Teddy gestured, as if to encapsulate the huge, grown-up world he’d probably never considered-that Billy didn’t really think a lot about even now, if he were honest with himself. “The bills were for my therapy sessions. Our benefits barely covered a quarter of them, and I’d been going for weeks and weeks, just, God, talking about Transformers and soccer and the Mets and how much I hated living where we did. It helped to talk to someone, but I had no idea how much it was costing. How much I was costing my mom, and not just literally, with expenses, but. It was like, standing there seeing her like that, all I could think was if it weren’t for me, life would be so different for her. Maybe not perfect, but not as hard. I was making it harder for her, and she never once let it show. Fuck, and she’s started talking more about saving for college, and her hours have gotten crazy again, and I just know she’s been doubling up on hours so she can save money for me. Last night she came home really late, dead tired, and it was like it was all happening again. And. And I don’t even know how to ask her to stop. I don’t know how to tell her screw college-I’d rather she just came home so I could see her. And. Just. Grah.”

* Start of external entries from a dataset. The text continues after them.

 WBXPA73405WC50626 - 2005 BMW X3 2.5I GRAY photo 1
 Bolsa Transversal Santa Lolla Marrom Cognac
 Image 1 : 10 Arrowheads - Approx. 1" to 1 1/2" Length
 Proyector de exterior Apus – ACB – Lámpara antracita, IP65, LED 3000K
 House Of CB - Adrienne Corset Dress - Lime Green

He pushed back, waving his hands like he could blow all the words away. “Why are you letting me cry all over your shoulder?” Teddy demanded, rubbing at his face. “God. I could have just stuck with we didn’t have a lot of time to come down to the shore and have left well enough alone. I don’t know how you got me to talk about all that.”

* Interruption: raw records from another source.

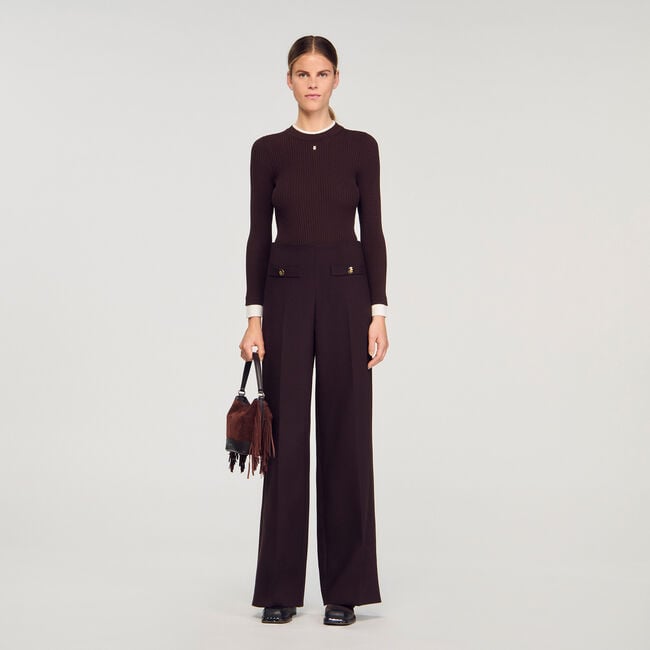 Pantalon évasé 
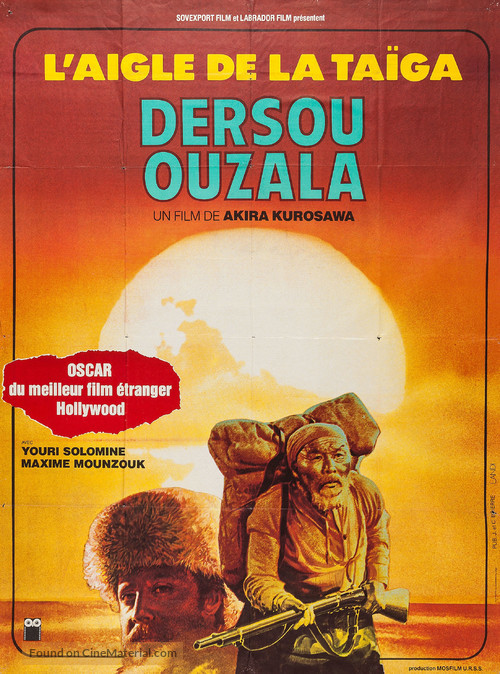 Dersu Uzala - French Movie Poster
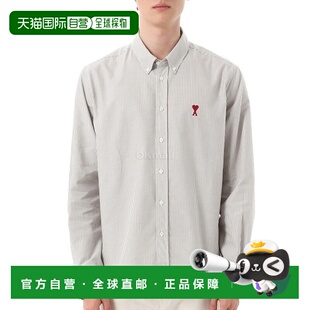 4761 CO0087 衬衫 新款 休闲宽松衬衣 韩国直邮AMI 条纹长袖 USH063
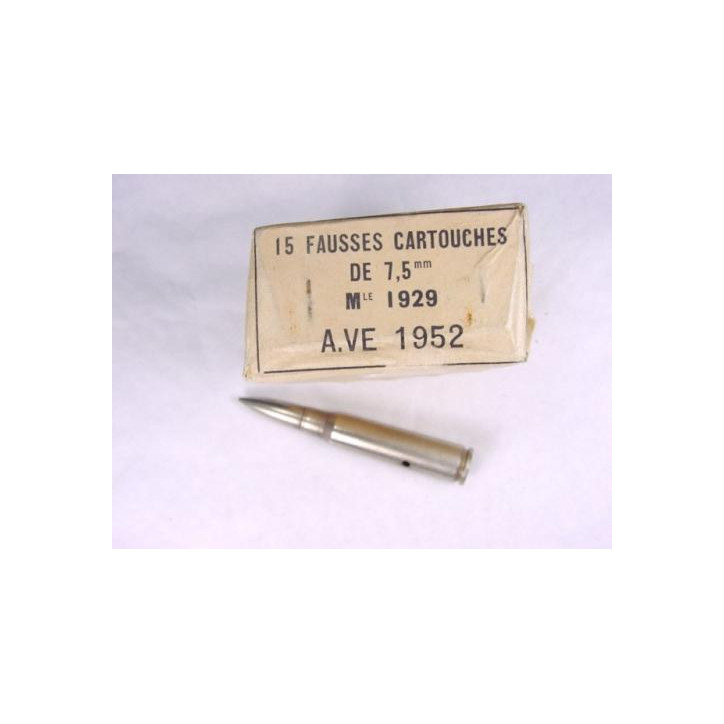 Cartouche 7.5 manip nickelée
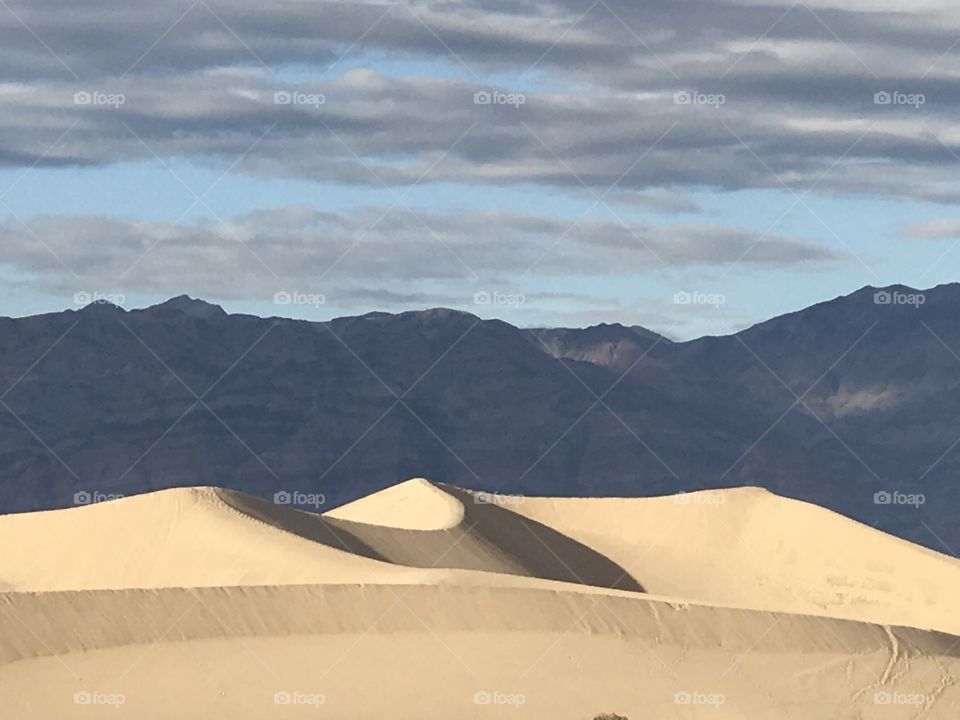 Mesquite sand dunes, Death Valley National Park. 
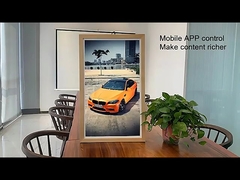 Wooden Digital Photo Frame Wall Mounted Electronic Intelligent
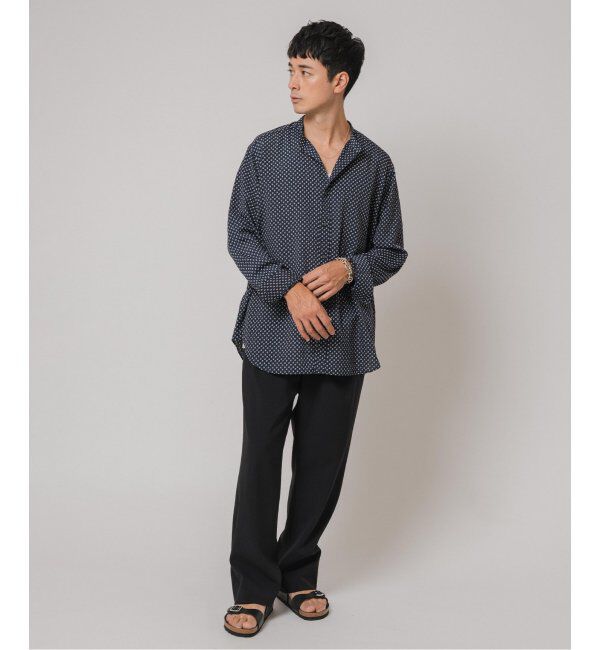 EDIFICE「パターンデシンスタンドカラーシャツ」|シャツ・ブラウス|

“No,” Billy said, turned fully toward him to memorize Teddy’s face. There were a few tears still trapped on Teddy’s long lashes and his eyes were rimmed in red. He’d never looked more beautiful. “No, I mean, I wanted to hear it, I- Thank you. For sharing? You don’t share a lot.”
Teddy cast him a wry look. “Well. Can you blame me if I’m going to blubber all over the place every time?”
He was trying to lighten the mood. He was trying to step them back from the ledge they’d inched toward.
Billy didn’t want to step back.
“Fuck that,” Billy said, very clearly. He caught Teddy’s face between his hands, turning it toward him, leaning in to press their mouths together as if it were the most natural thing in the world. As if he’d been kissing Teddy for years. He tilted his head, lips moving softly across Teddy’s, then again, feeling the shape of Teddy’s mouth, the warm, surprised gust of air that escaped his lips.
Teddy reached up to catch Billy’s wrists…then dropped his hands, eyes sliding shut. Billy slowly deepened the kiss, tongue brushing along the curve of Teddy’s lower lip. When Teddy made a soft noise, he licked inside, hands sliding up to dig his fingers into soft blond hair.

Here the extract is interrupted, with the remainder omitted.